• WHAT IS BEING ASKED: From the line that contains "green leopard playsuit" through the end of the records below, write out each line exactly as it appears, but not the pictures.

# # # # # # #

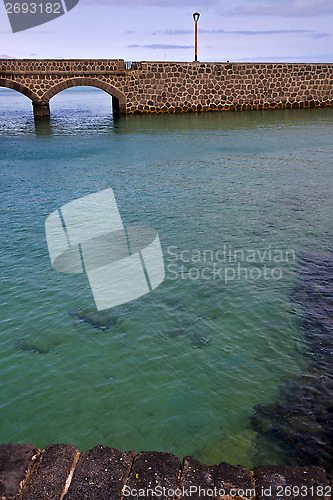 Image of   ocean lanzarote  bridge   street lamp  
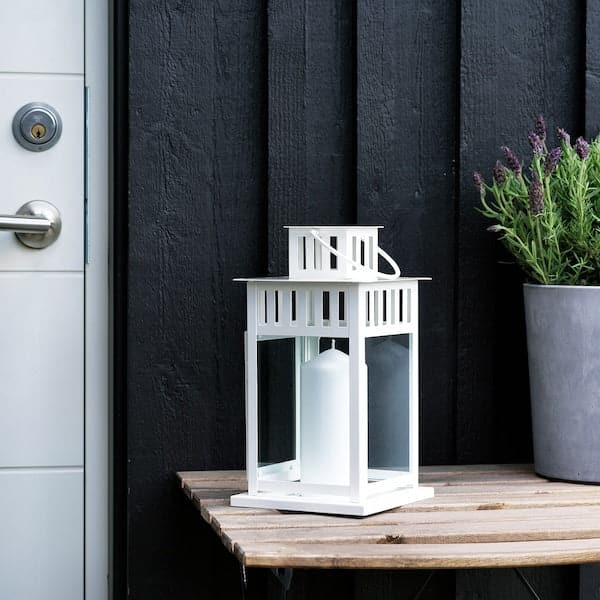 BORRBY - Lantern for block candle, in/outdoor white, 28 cm - best price from Maltashopper.com 30270142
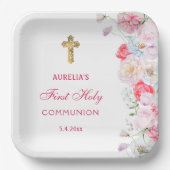 水彩花First Communion ペーパープレート (正面)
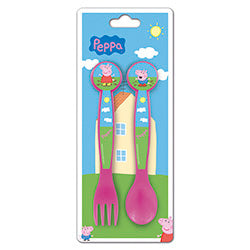 SET 2PZAS CUCHARA/TENEDOR PLAST PEPPA PIG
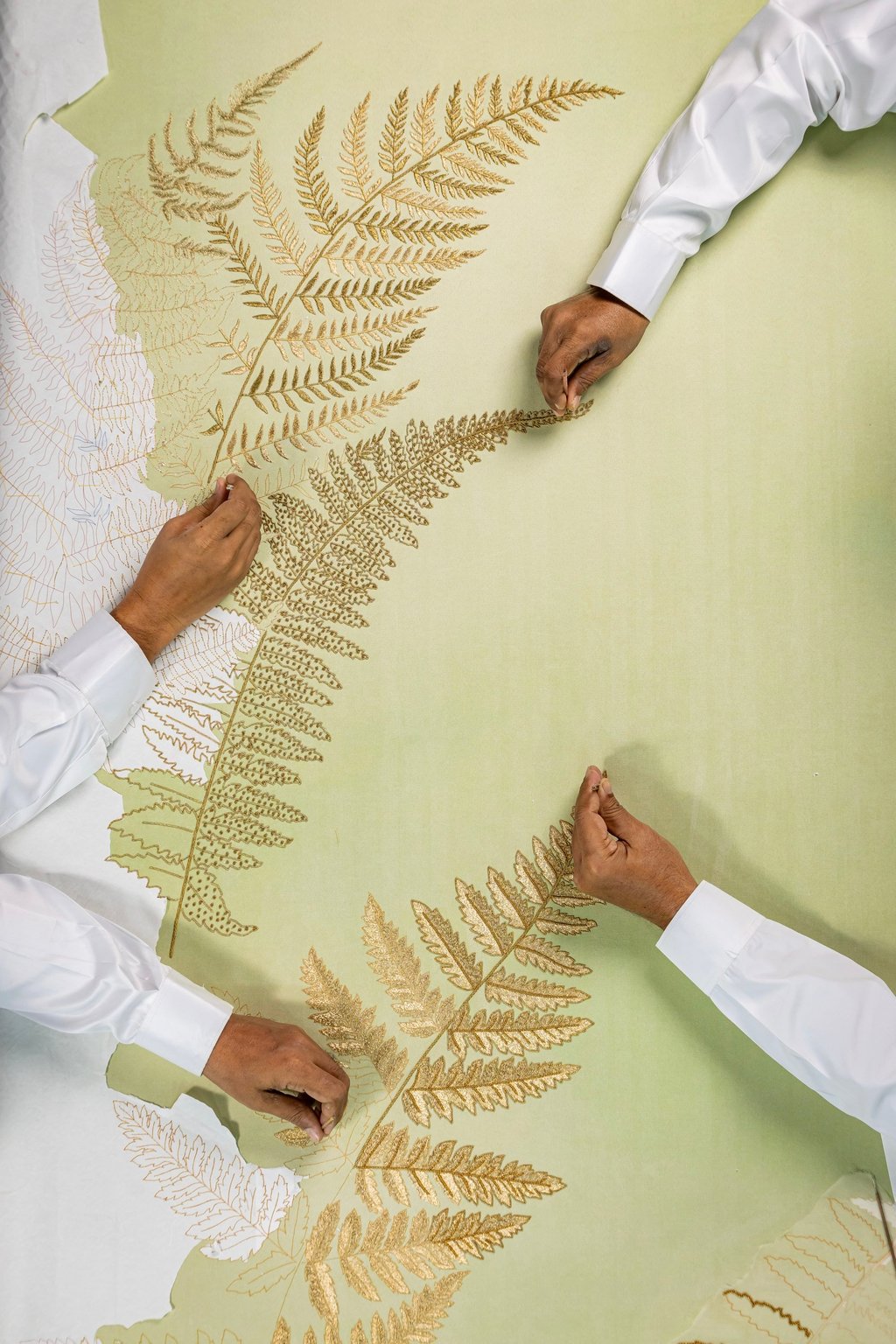 Lala Curio’s 2025 Feuillage collection features wall coverings with backgrounds of suede, velvet, seagrass, wood veneer and cork. Photo: courtesy Lala Curio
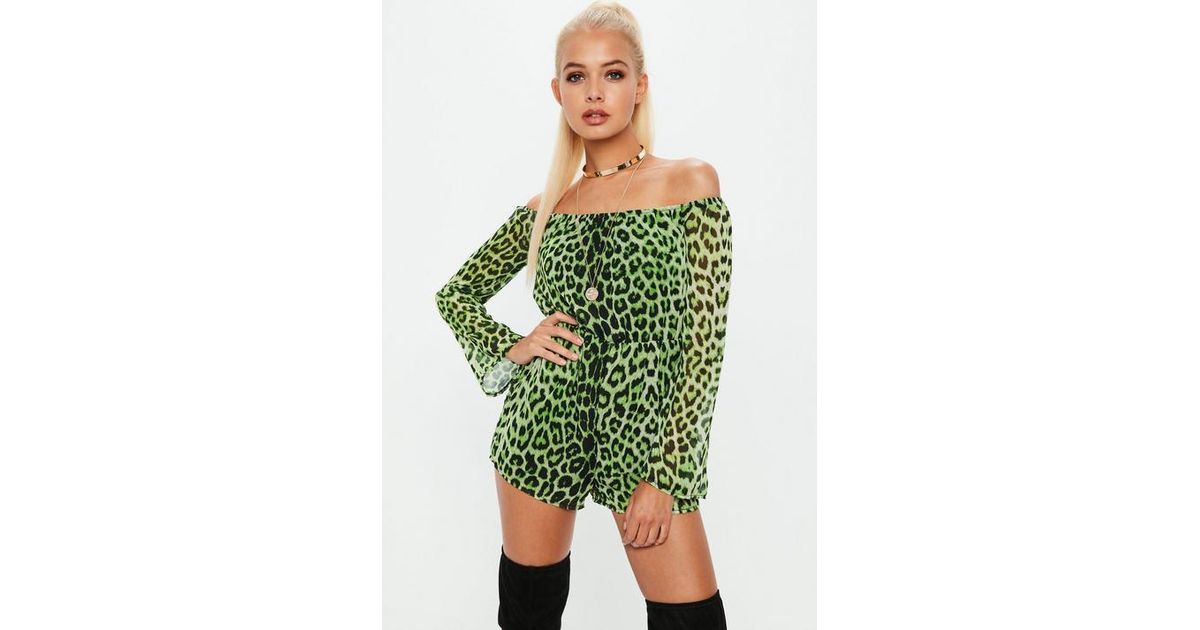 green leopard playsuit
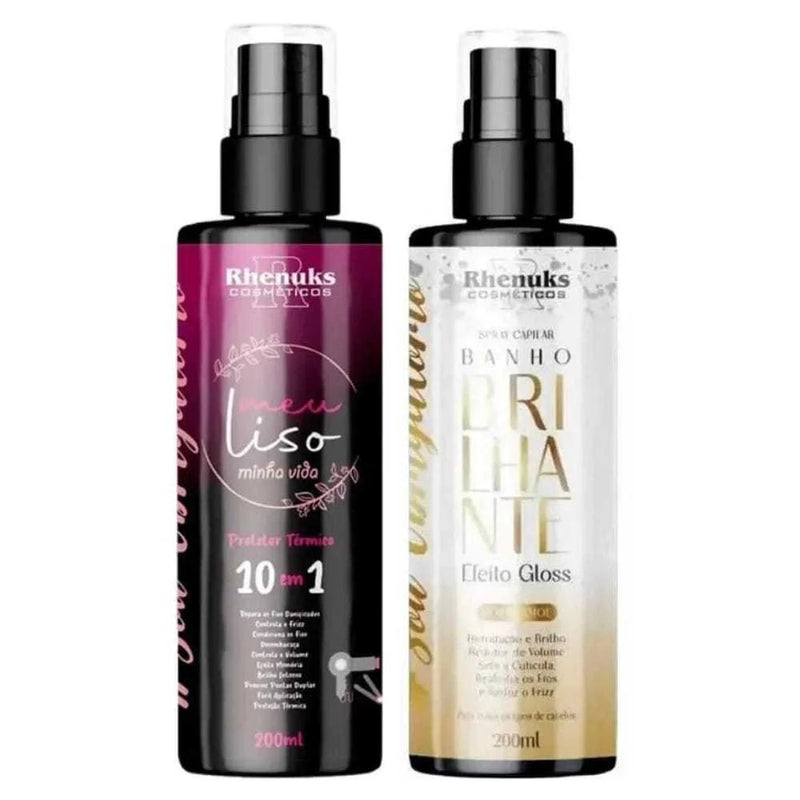 Kit Meu Liso + Banho Brilhante Gloss Capilar | Proteção Térmica e Brilho Intenso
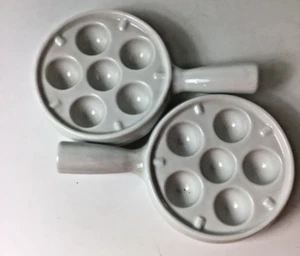 Apilco White Porcelain 6 Hole Escargot Baking Dishes x2 - Picture 1 of 5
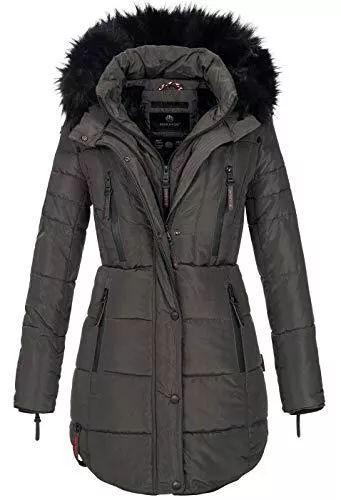 MARIKOO Jacken MARIKOO warme Damen Winter Jacke Winterjacke Parka Stepp Mantel lang B401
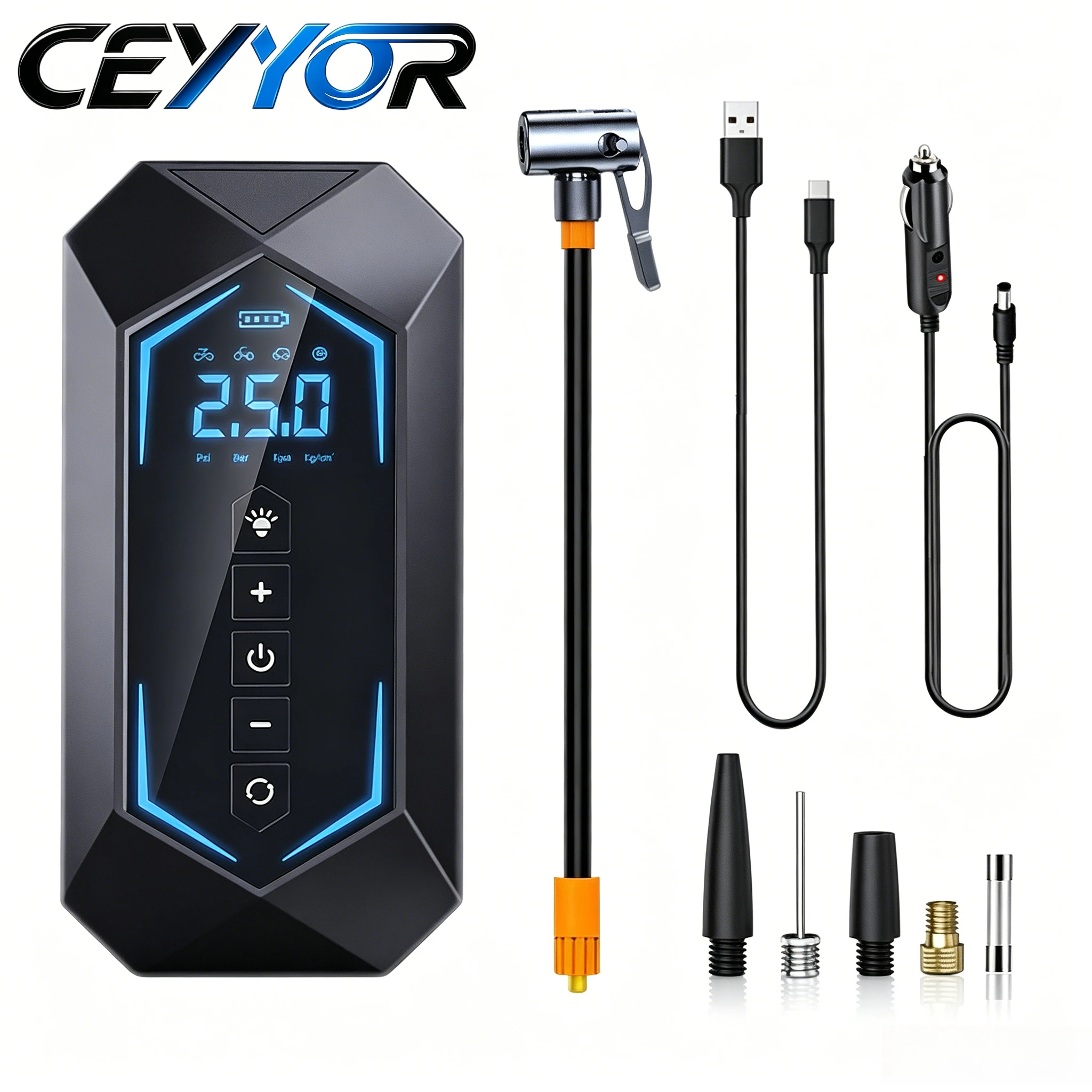 CEYYOR Portable High-Power 150 PSI Car Tires Air Pump with LED Lights&Pressure Gauge For Auto,Motorcycles,Bikes,Balls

# # # # # # #

• EXERCISE SOLUTION:
 green leopard playsuit
 Kit Meu Liso + Banho Brilhante Gloss Capilar | Proteção Térmica e Brilho Intenso
 Apilco White Porcelain 6 Hole Escargot Baking Dishes x2 - Picture 1 of 5
 MARIKOO Jacken MARIKOO warme Damen Winter Jacke Winterjacke Parka Stepp Mantel lang B401
 CEYYOR Portable High-Power 150 PSI Car Tires Air Pump with LED Lights&Pressure Gauge For Auto,Motorcycles,Bikes,Balls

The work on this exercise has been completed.